Re: [PATCH 6/6] kvm: x86: do not use KVM_REQ_EVENT for APICv interrupt injection

[Date Prev][Date Next][Thread Prev][Thread Next][Date Index][Thread Index]

 



2017-03-09 9:23 GMT+08:00 Wanpeng Li <kernellwp@xxxxxxxxx>:
> 2016-12-20 0:17 GMT+08:00 Paolo Bonzini <pbonzini@xxxxxxxxxx>:
>> Since bf9f6ac8d749 ("KVM: Update Posted-Interrupts Descriptor when vCPU
>> is blocked", 2015-09-18) the posted interrupt descriptor is checked
>> unconditionally for PIR.ON.  Therefore we don't need KVM_REQ_EVENT to
>> trigger the scan and, if NMIs or SMIs are not involved, we can avoid
>> the complicated event injection path.
>>
>> Calling kvm_vcpu_kick if PIR.ON=1 is also useless, though it has been
>> there since APICv was introduced.
>>
>> However, without the KVM_REQ_EVENT safety net KVM needs to be much
>> more careful about races between vmx_deliver_posted_interrupt and
>> vcpu_enter_guest.  First, the IPI for posted interrupts may be issued
>> between setting vcpu->mode = IN_GUEST_MODE and disabling interrupts.
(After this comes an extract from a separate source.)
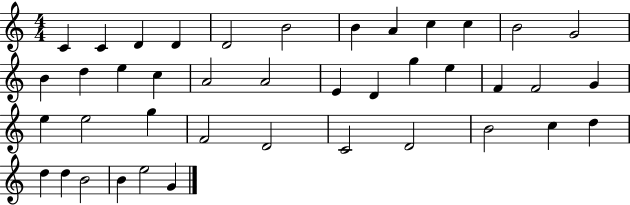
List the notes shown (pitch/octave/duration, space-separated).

C4/q C4/q D4/q D4/q D4/h B4/h B4/q A4/q C5/q C5/q B4/h G4/h B4/q D5/q E5/q C5/q A4/h A4/h E4/q D4/q G5/q E5/q F4/q F4/h G4/q E5/q E5/h G5/q F4/h D4/h C4/h D4/h B4/h C5/q D5/q D5/q D5/q B4/h B4/q E5/h G4/q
>> If that happens, kvm_trigger_posted_interrupt returns true, but
>> smp_kvm_posted_intr_ipi doesn't do anything about it.  The guest is
>> entered with PIR.ON, but the posted interrupt IPI has not been sent
>> and the interrupt is only delivered to the guest on the next vmentry
>> (if any).  To fix this, disable interrupts before setting vcpu->mode.
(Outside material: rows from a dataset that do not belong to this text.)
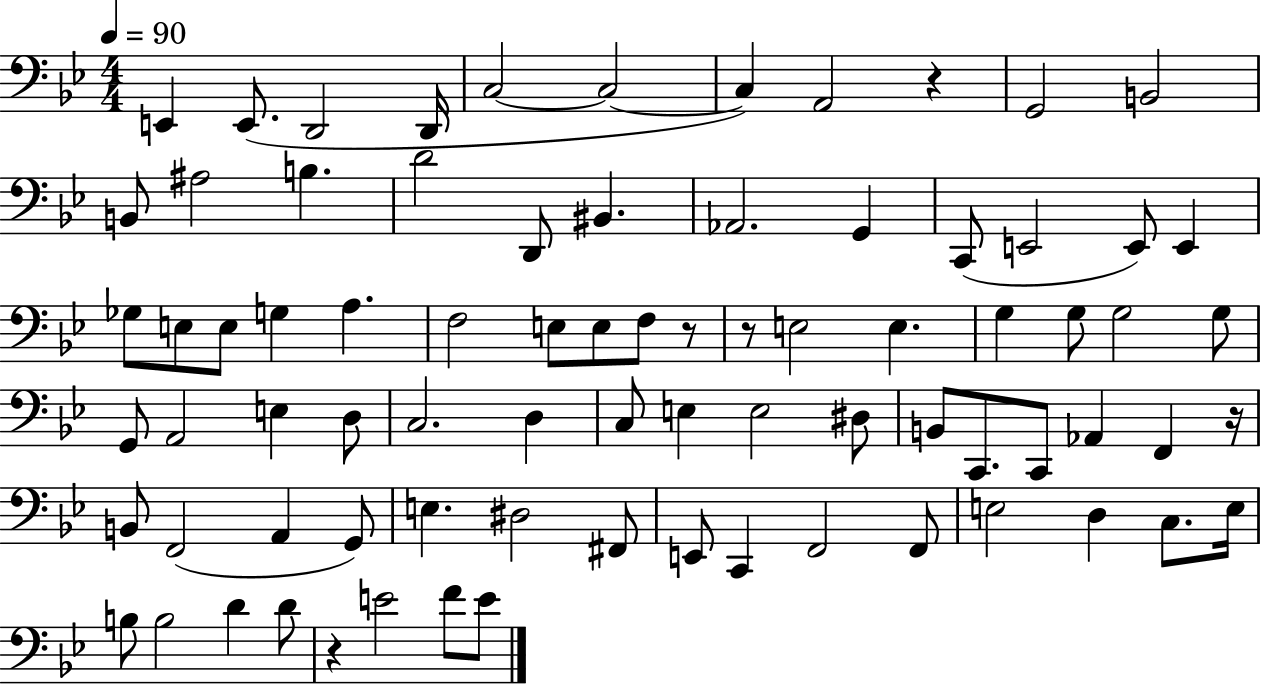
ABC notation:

X:1
T:Untitled
M:4/4
L:1/4
K:Bb
E,, E,,/2 D,,2 D,,/4 C,2 C,2 C, A,,2 z G,,2 B,,2 B,,/2 ^A,2 B, D2 D,,/2 ^B,, _A,,2 G,, C,,/2 E,,2 E,,/2 E,, _G,/2 E,/2 E,/2 G, A, F,2 E,/2 E,/2 F,/2 z/2 z/2 E,2 E, G, G,/2 G,2 G,/2 G,,/2 A,,2 E, D,/2 C,2 D, C,/2 E, E,2 ^D,/2 B,,/2 C,,/2 C,,/2 _A,, F,, z/4 B,,/2 F,,2 A,, G,,/2 E, ^D,2 ^F,,/2 E,,/2 C,, F,,2 F,,/2 E,2 D, C,/2 E,/4 B,/2 B,2 D D/2 z E2 F/2 E/2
>> This ensures that the IPI is delayed until the guest enters non-root mode;
>> it is then trapped by the processor causing the interrupt to be injected.
>>
>> Second, the IPI may be issued between
>>
>>                         kvm_x86_ops->hwapic_irr_update(vcpu,
>>                                 kvm_lapic_find_highest_irr(vcpu));
>>
>> and vcpu->mode = IN_GUEST_MODE.  In this case, kvm_vcpu_kick is called
>> but it (correctly) doesn't do anything because it sees vcpu->mode ==
>> OUTSIDE_GUEST_MODE.  Again, the guest is entered with PIR.ON but no
>> posted interrupt IPI is pending; this time, the fix for this is to move
>> the RVI update after IN_GUEST_MODE.
>>
>> Both issues were previously masked by the liberal usage of KVM_REQ_EVENT.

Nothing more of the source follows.